Exclusive: Robert Baltovich Ponders His Past And Future After Being Cleared Of Murder
Tuesday, April 29
- Organization: City News
Robert Baltovich leans back and considers the 18 years he lost as a convicted killer housed in a small jail cell. He thinks about the constant denials of his guilt and he contemplates what might have been had his life not changed so dramatically in 1990, the year his girlfriend Elizabeth Bain vanished.
Two years later, he had been convicted of killing her, even though her body was never found. After eight long years of protesting his innocence, he was finally released on appeal but still had the sword of Damocles hanging over his head until he was finally pronounced not guilty earlier this month.
But that moment police came to his home to arrest him is something that will never fade from his memory. "He said 'Robert Baltovich?' I said 'yes.' He said 'you're under arrest for the first-degree murder of Elizabeth Bain,' and I just looked at him and I said 'Why?' And he said 'because you did it.' And I said 'but I didn't.'"
Now, one week into the first real freedom he's known in almost two decades, Baltovich is aware some cops think he beat a rap they're sure he earned. "It doesn't surprise me," he muses. "I think that maybe they have a personal interest in the case, and I think it's just human nature. We don't want to have to admit that we've made a mistake."
Cops painted Bain's boyfriend as a jealous lover, upset that she was apparently planning to leave him. But Baltovich insists that wasn't the case. "You know, we had some problems, but nothing really major, and even at the time she went missing, everyone who knew Liz and everyone who knew me knew that things were good.
"What they felt is that I was responsible and that they didn't know why or where or how, and because of that, they felt they had to create a theory that didn't really exist.
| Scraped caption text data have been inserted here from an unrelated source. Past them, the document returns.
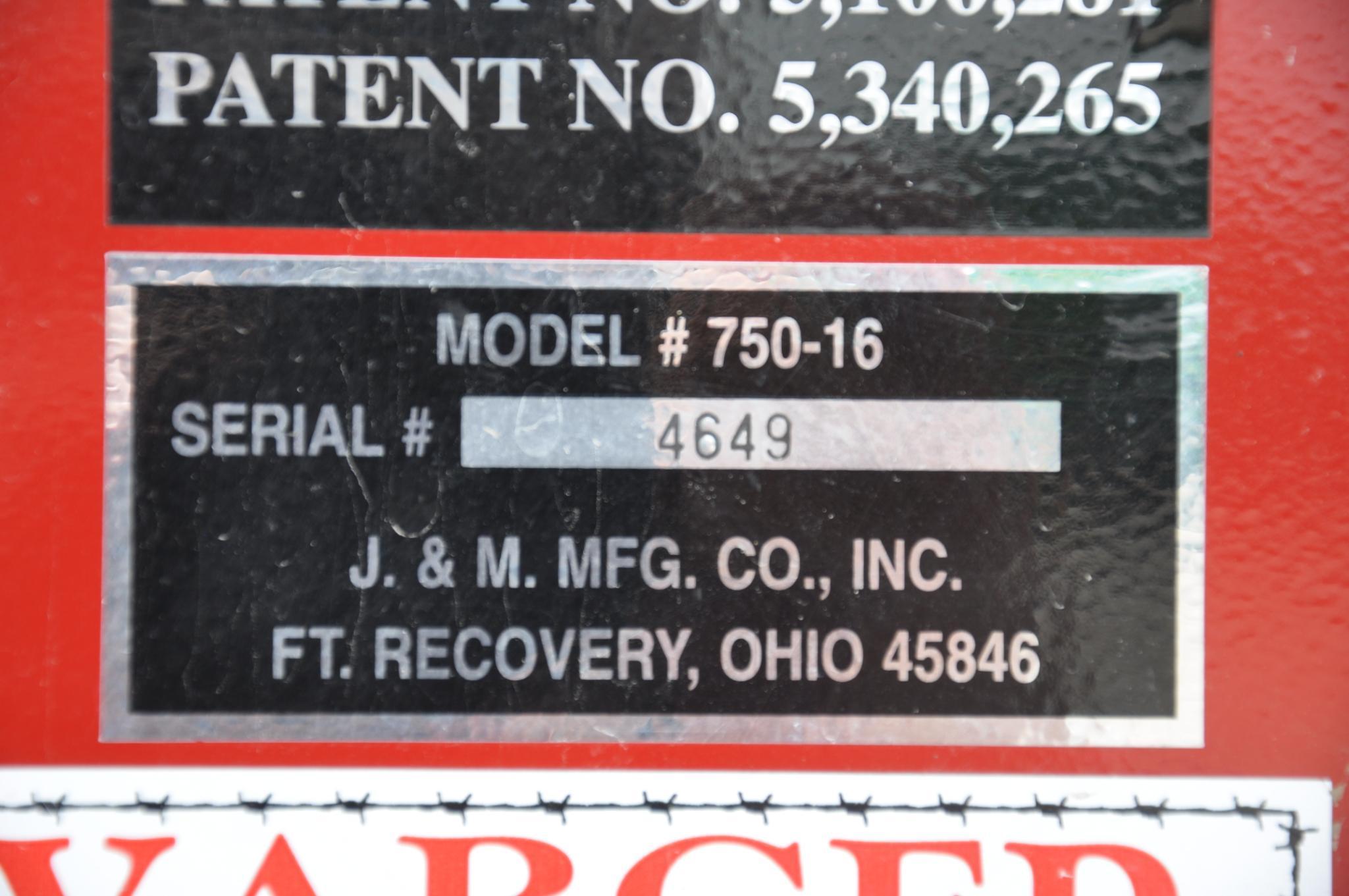 J&M 750 grain cart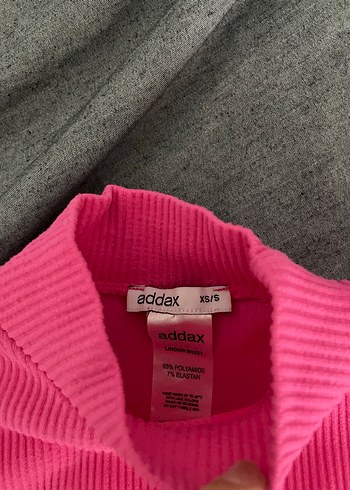 Pembe Crop Top - Görsel 2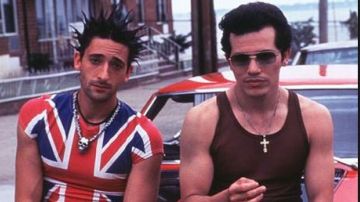 The T-Shirt Union Jack Adrien Brody in son of Sam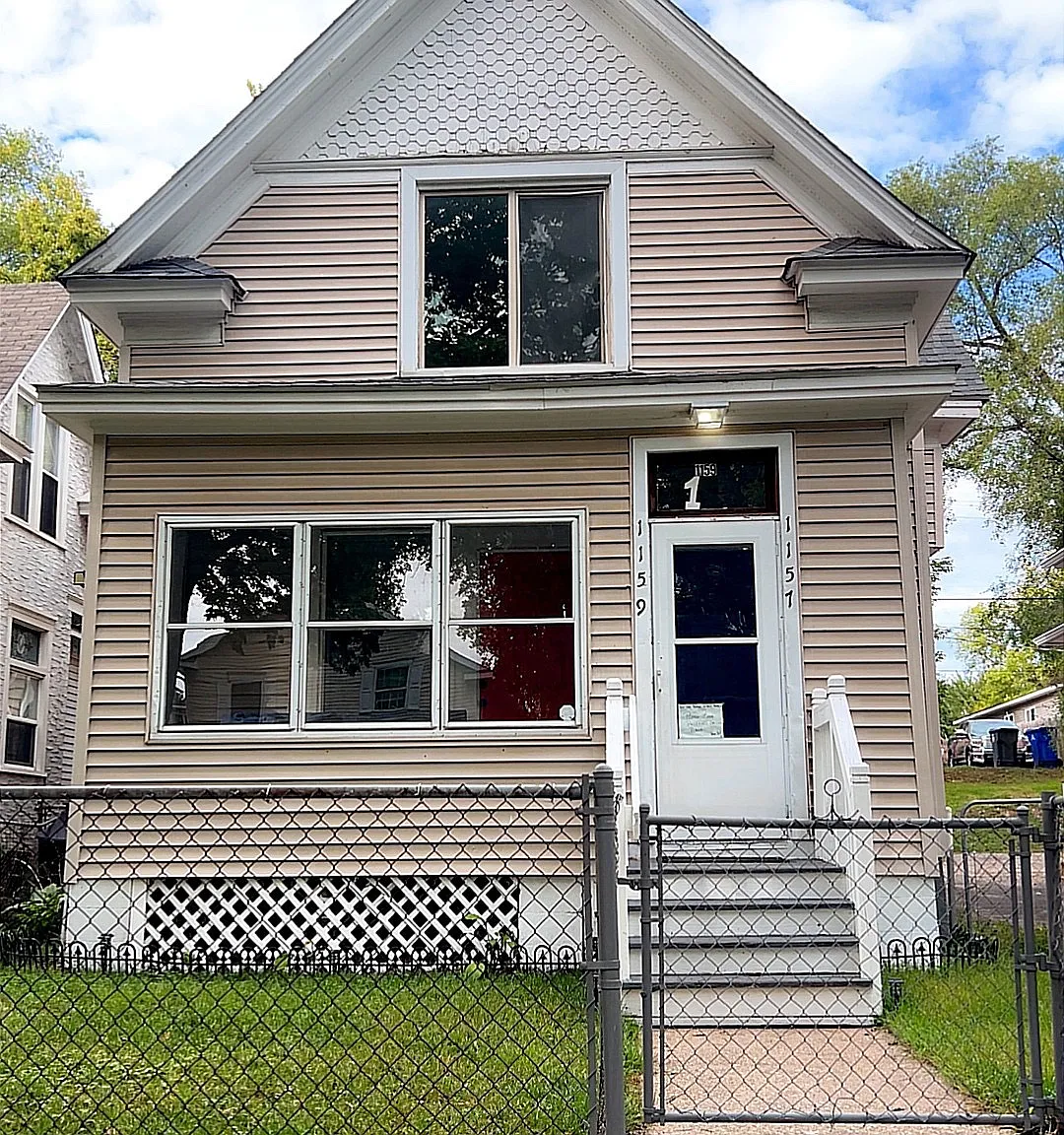 2 bed, $1,600 — Photo 2
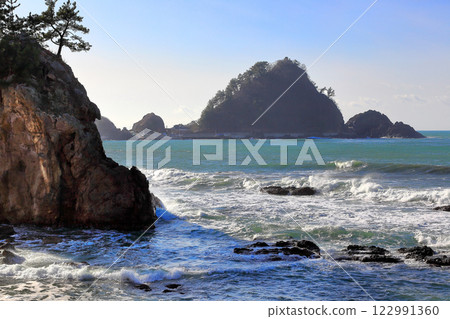 Yura Coast: White waves playing, Shiraiwa Ojin Shrine and Hakusan Island Yura Coast: White waves playing, Shiraiwa Ojin Shrine and Hakusan Island 122991360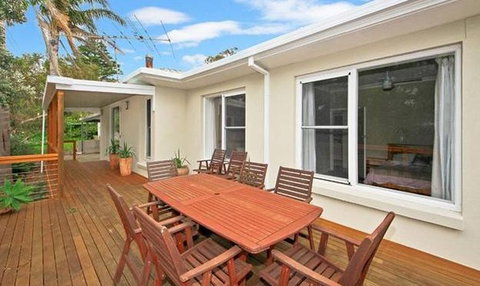 Sea Sand And Scrub Holiday House - Tourism Brisbane 9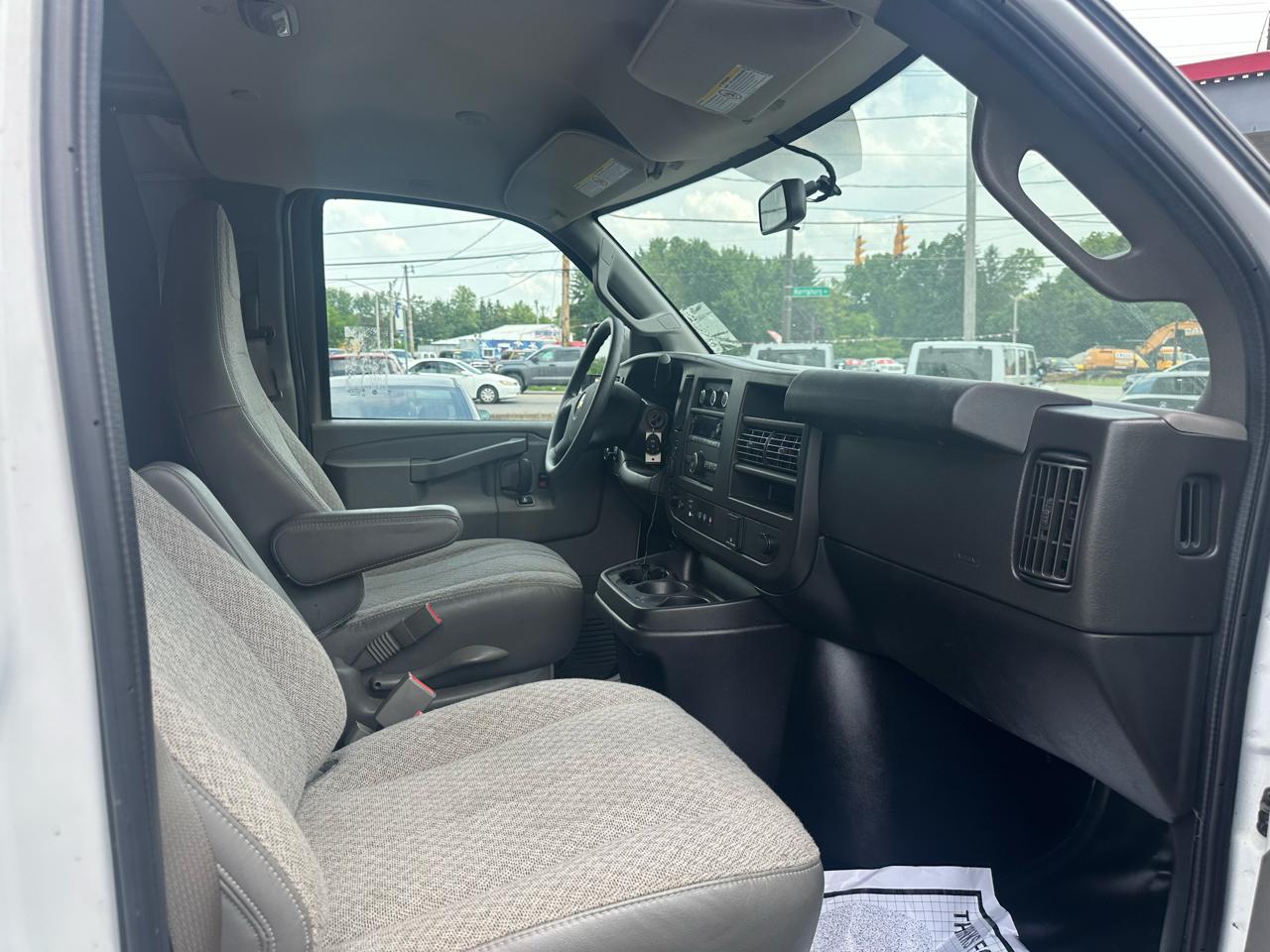 Chevrolet Express Cargo Van RWD 2500 135" 2019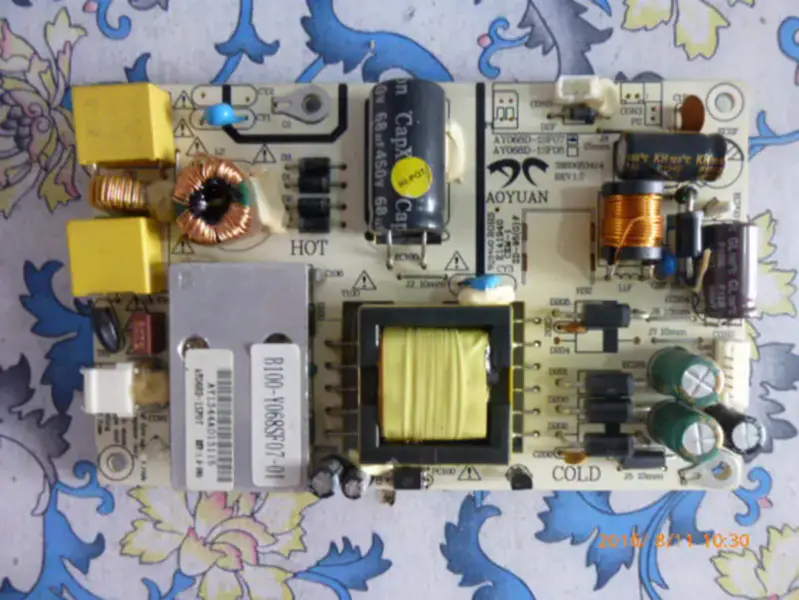Carte d'alimentation TONGFANG LE-32TL2600X AY068D-1SF07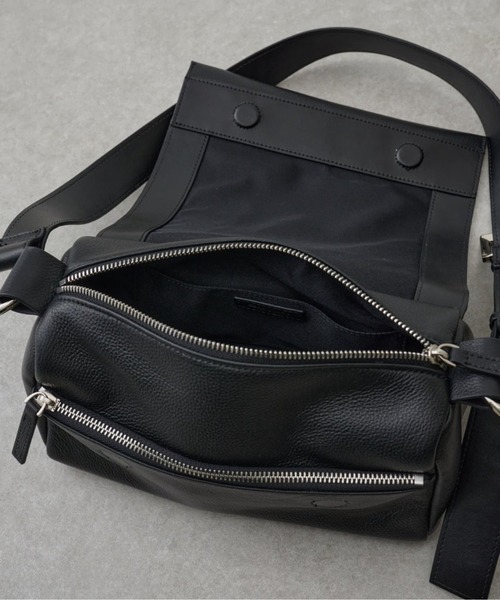 BEARDSLEY レザーショルダーバッグ ブラック BEARDSLEY ショルダーバッグ バッグ レザーボディバッグ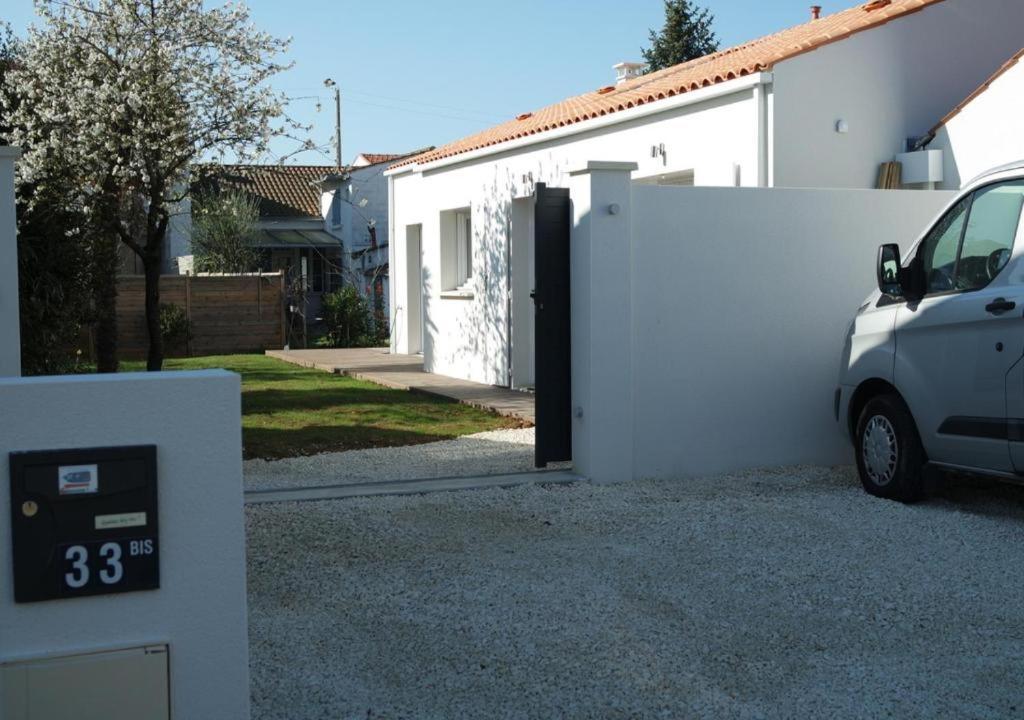 33 Bis Villa *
But jealousy and possessiveness are a common motive. I think that that's something they kind of latched onto in terms of how they were going to present the case the way they did."
And who does he think killed Elizabeth Bain? He points to only one suspect - the notorious Paul Bernardo, who was stalking the neighbourhood as the Scarborough Rapist when his girl disappeared.
"At this point, Paul Bernardo has to be a suspect, but we don't know he killed her. We don't have any irrefutable proof he killed her. But knowing that he's out there and knowing that he was active in the area at the time she went missing, I mean I think it would be kind of crazy not to look at him. But it's certainly something that I want to get to the bottom of."
Bernardo has refused to give a definitive answer about his involvement. He remains in jail, likely for life.
It was a future Baltovich almost shared with him, until fate - and some good defence lawyers - intervened. Now the cleared boyfriend with the Master's Degree is trying to pick up his tattered life, hoping to get a job if he can find someone who will hire him.
And as for his romantic future? "I've actually been able to have relationships and I've had some good ones. I mean at the moment I'm not in a relationship, but I think I'm in a good position to maybe pursue that a little bit more seriously now."
But Baltovich has so far refused to consider applying for compensation for his years behind bars. Instead, he wants something money can't buy.
"Right now what I want are answers," he reveals. "I mean answers are what's important, because the thing for me is that my freedom and learning what happened to Liz have always been something that, you know, have gone together."
He's hoping the Ontario Attorney General's apparent willingness to call an inquiry into his case will help provide some healing. "It's something that I want," he affirms. "I think it's something that would really serve the public in terms of, you know, providing some answers to questions that they may have, that they may feel that need to be answered.
"The real anger for me, and I think that will continue and it will probably get worse, is if the reasons why this actually happened are never known and the people who brought it about are never really held up to the light of day."
Baltovich hopes that in the next five years, he'll be married with children, a goal that as recently as 10 years ago seemed an impossible dream that started with a nightmare.